*PROBLEM TO SOLVE*: Return every record below exactly as written, omitting any pictures.

(Short text fragments from websites)

=== Section Start ===

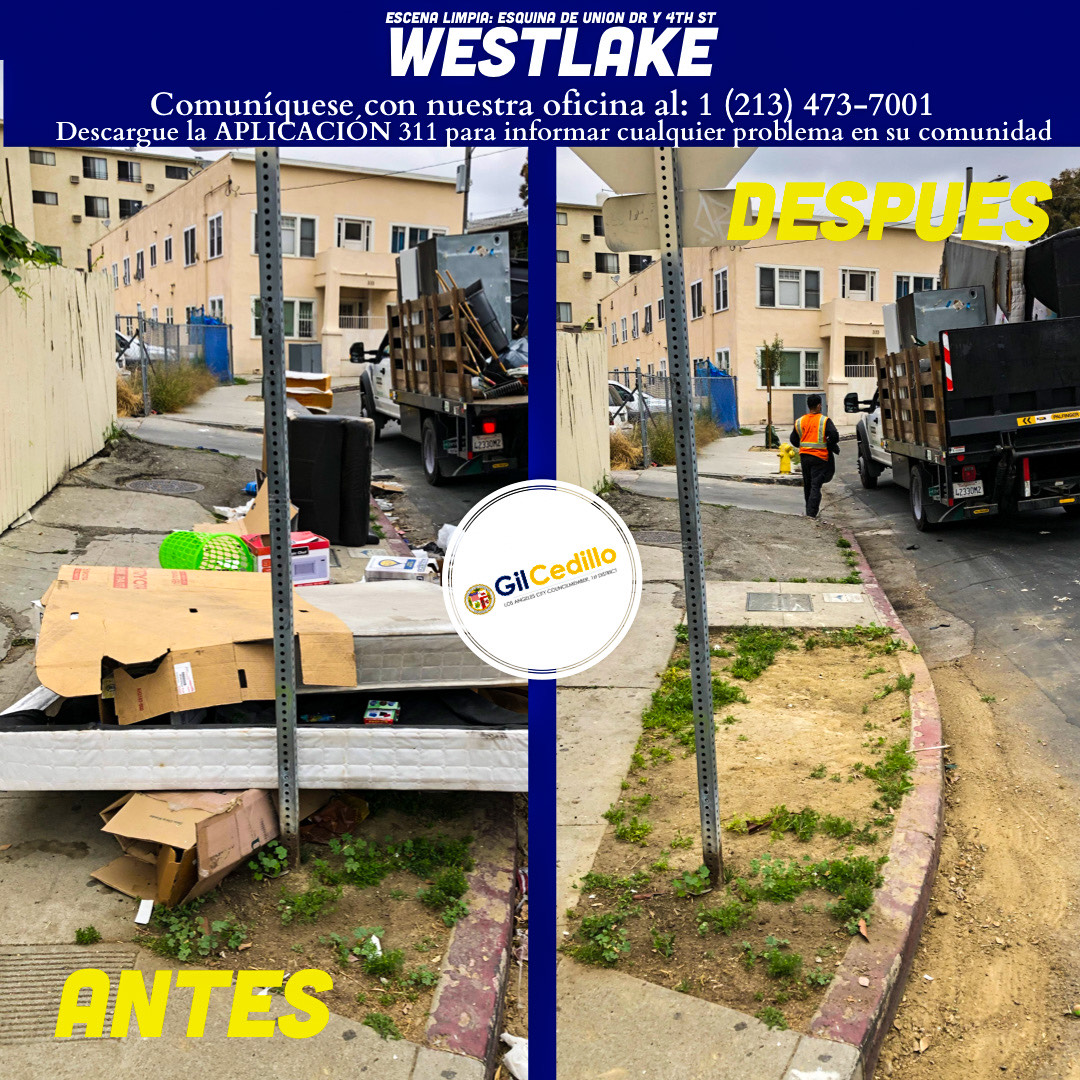 Spanish Team Cedillo’s Strike Team is in full force today, Corner of Union Dr. and 4th St. in Westlake 4-22-2021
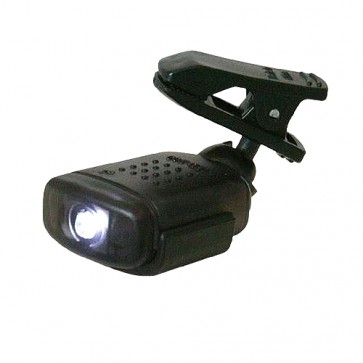BRAND NEW CLIP-ON LIGHT SWIVEL HEAD 1 LED TORCH LAMP LITHIUM BATTERY P169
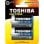 Pila Alcalina Toshiba LR20GCP D 1.5V Pack 2 Unidades Alta Potencia Larga Duración
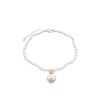 Chanel Cc Heart Pearl Necklace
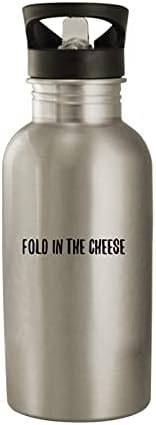 Производите од Моландра се преклопуваат во сирењето - 20oz шише со вода од не'рѓосувачки челик, сребро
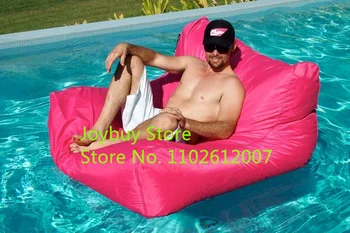  розовый негабаритный роскошный комфорт для взрослых поплавок мешок с фасолью, бассейн плавающая фасоль подушка для отдыха - наслаждение на свежем воздухе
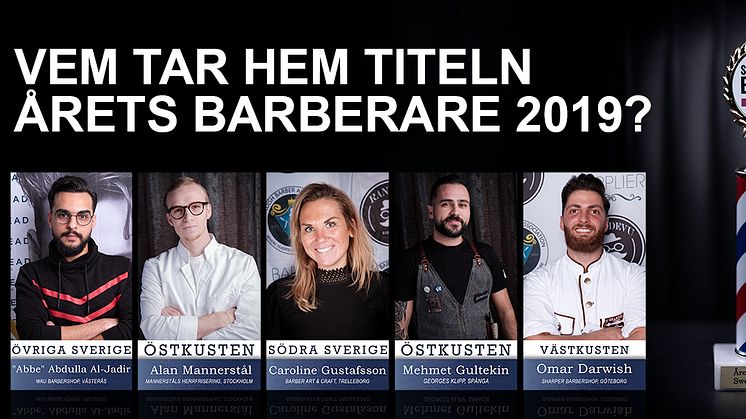 Vem tar hem titeln Årets barberare 2019?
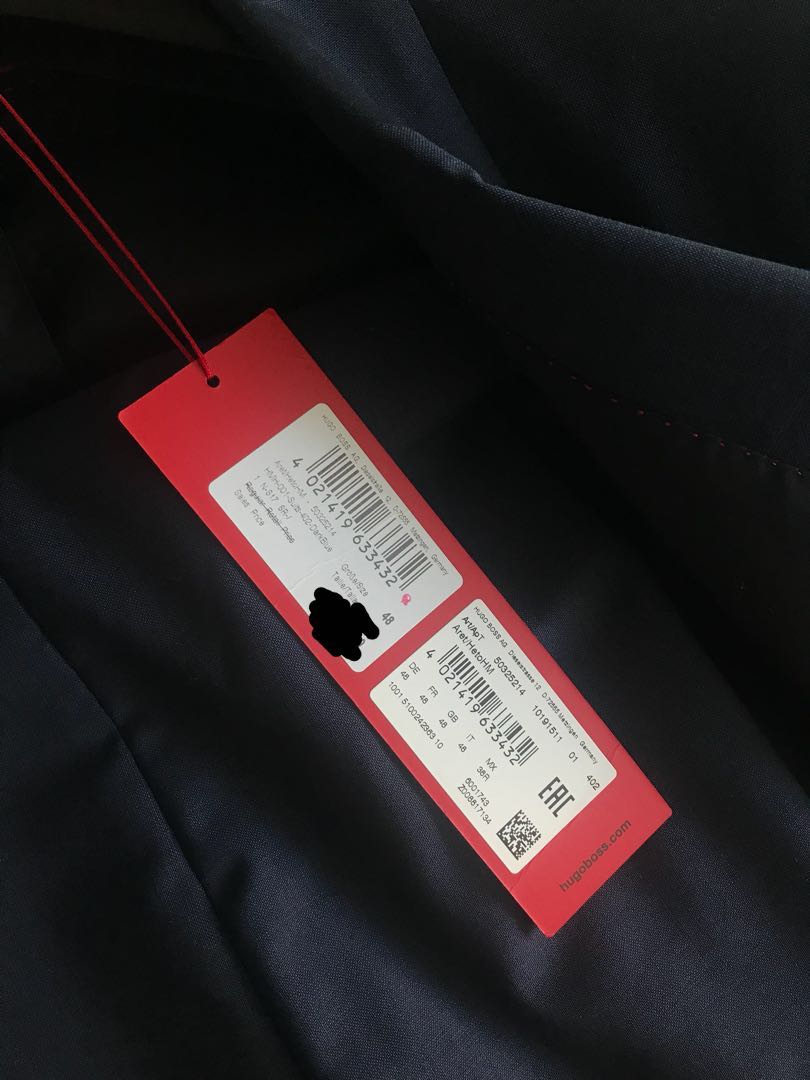 Hugo Boss Suit Set Red Label Men S Fashion Clothes On Carousell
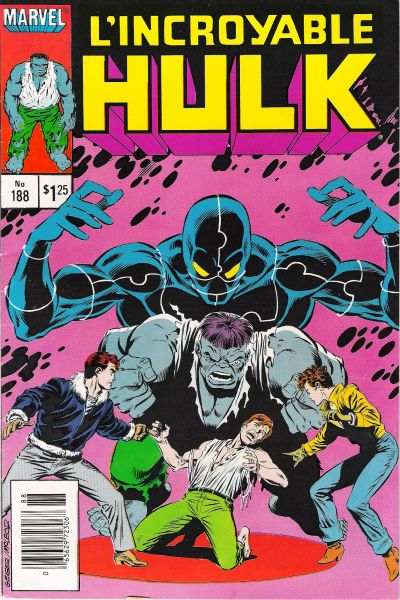 Cover for L'Incroyable Hulk (Editions Héritage, 1968 series) #188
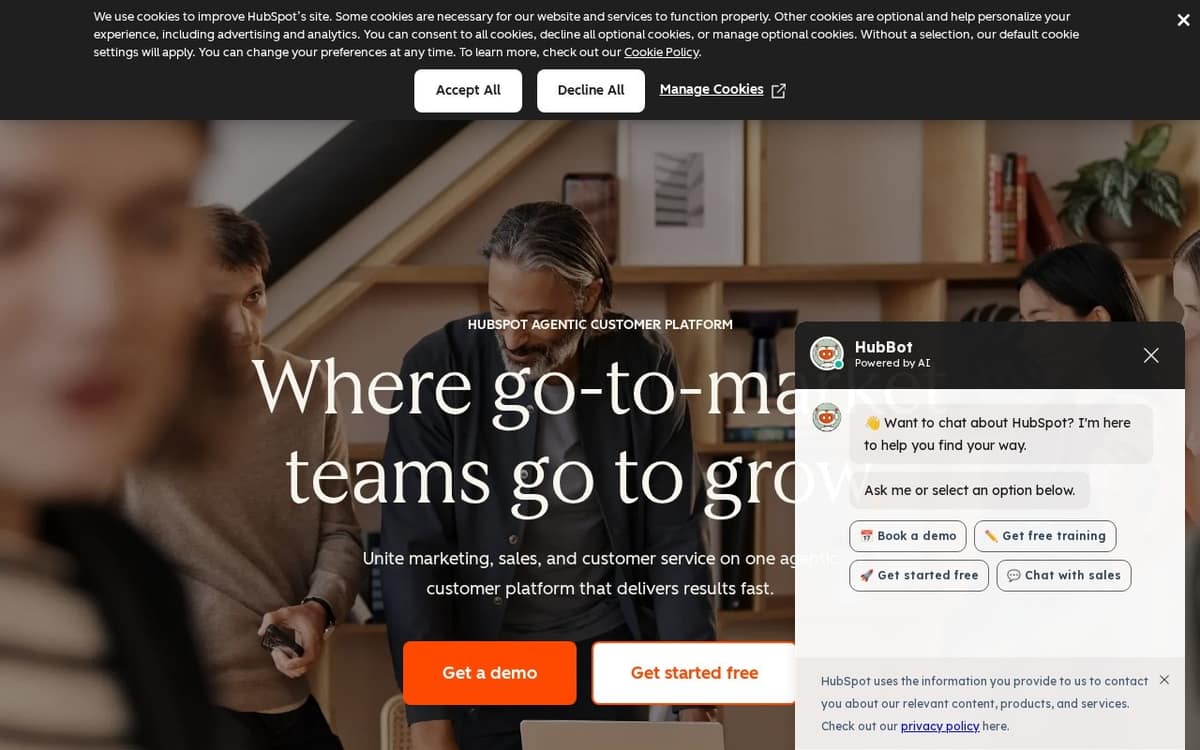 HubSpot preview
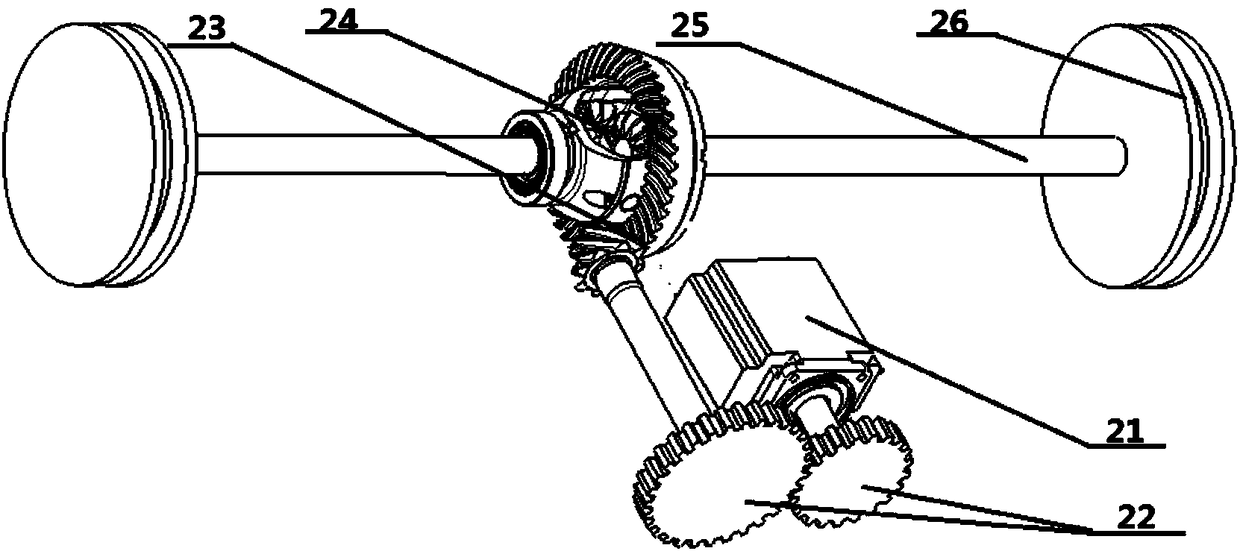 Green and three-dimensional suspended disassembling device for waste and scrap automobiles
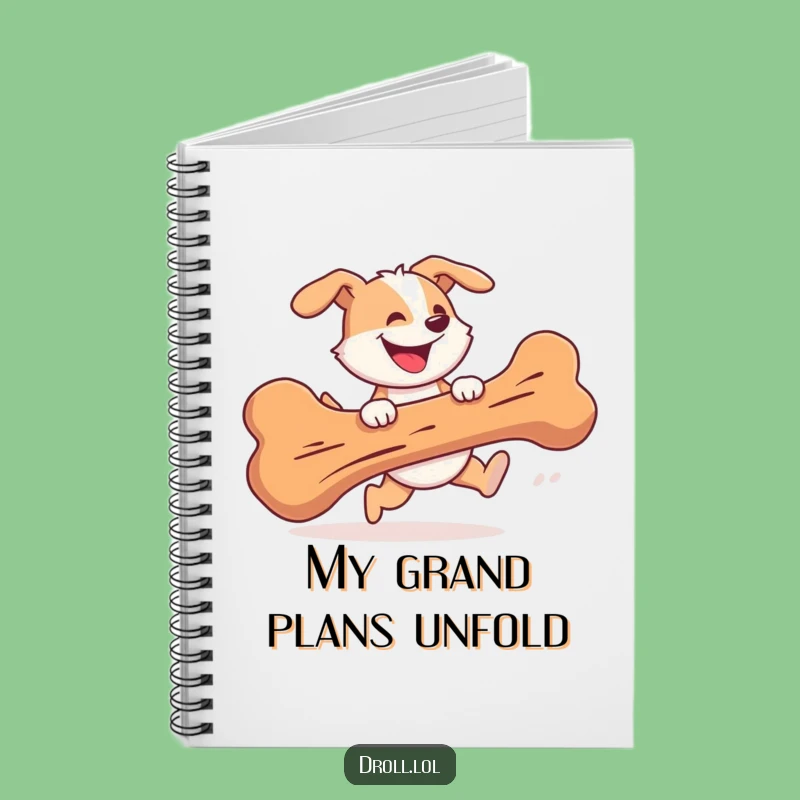 Funny Dog Bone Notebook: Jot Down Pursuits with Silly Flair!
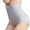 01-Grey, variant on SUYOLL Women Underpants High Waist Solid Color Shapewear Panties Tummy Control Lifter Body Shaper Panty Slim Waist Trainer Pants Soft Breathable Panties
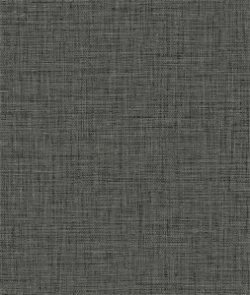 Seabrook Designs Easy Linen Charcoal Wallpaper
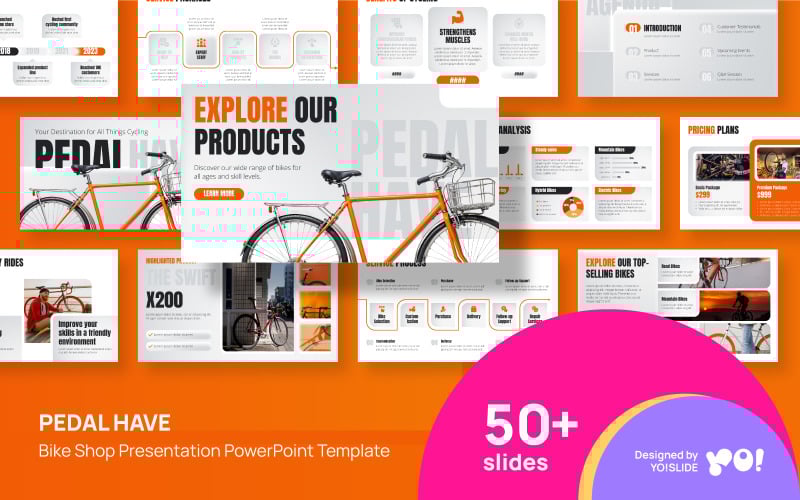 pedal have bike shop presentation powerpoint template original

=== Section End ===

*OUTPUT OF THE TASK*:
 Spanish Team Cedillo’s Strike Team is in full force today, Corner of Union Dr. and 4th St. in Westlake 4-22-2021
BRAND NEW CLIP-ON LIGHT SWIVEL HEAD 1 LED TORCH LAMP LITHIUM BATTERY P169
 Pila Alcalina Toshiba LR20GCP D 1.5V Pack 2 Unidades Alta Potencia Larga Duración
 Chanel Cc Heart Pearl Necklace
 Производите од Моландра се преклопуваат во сирењето - 20oz шише со вода од не'рѓосувачки челик, сребро
  розовый негабаритный роскошный комфорт для взрослых поплавок мешок с фасолью, бассейн плавающая фасоль подушка для отдыха - наслаждение на свежем воздухе
 Vem tar hem titeln Årets barberare 2019?
 Hugo Boss Suit Set Red Label Men S Fashion Clothes On Carousell
 Cover for L'Incroyable Hulk (Editions Héritage, 1968 series) #188
 HubSpot preview
 Green and three-dimensional suspended disassembling device for waste and scrap automobiles
 Funny Dog Bone Notebook: Jot Down Pursuits with Silly Flair!
 01-Grey, variant on SUYOLL Women Underpants High Waist Solid Color Shapewear Panties Tummy Control Lifter Body Shaper Panty Slim Waist Trainer Pants Soft Breathable Panties
 Seabrook Designs Easy Linen Charcoal Wallpaper
 pedal have bike shop presentation powerpoint template original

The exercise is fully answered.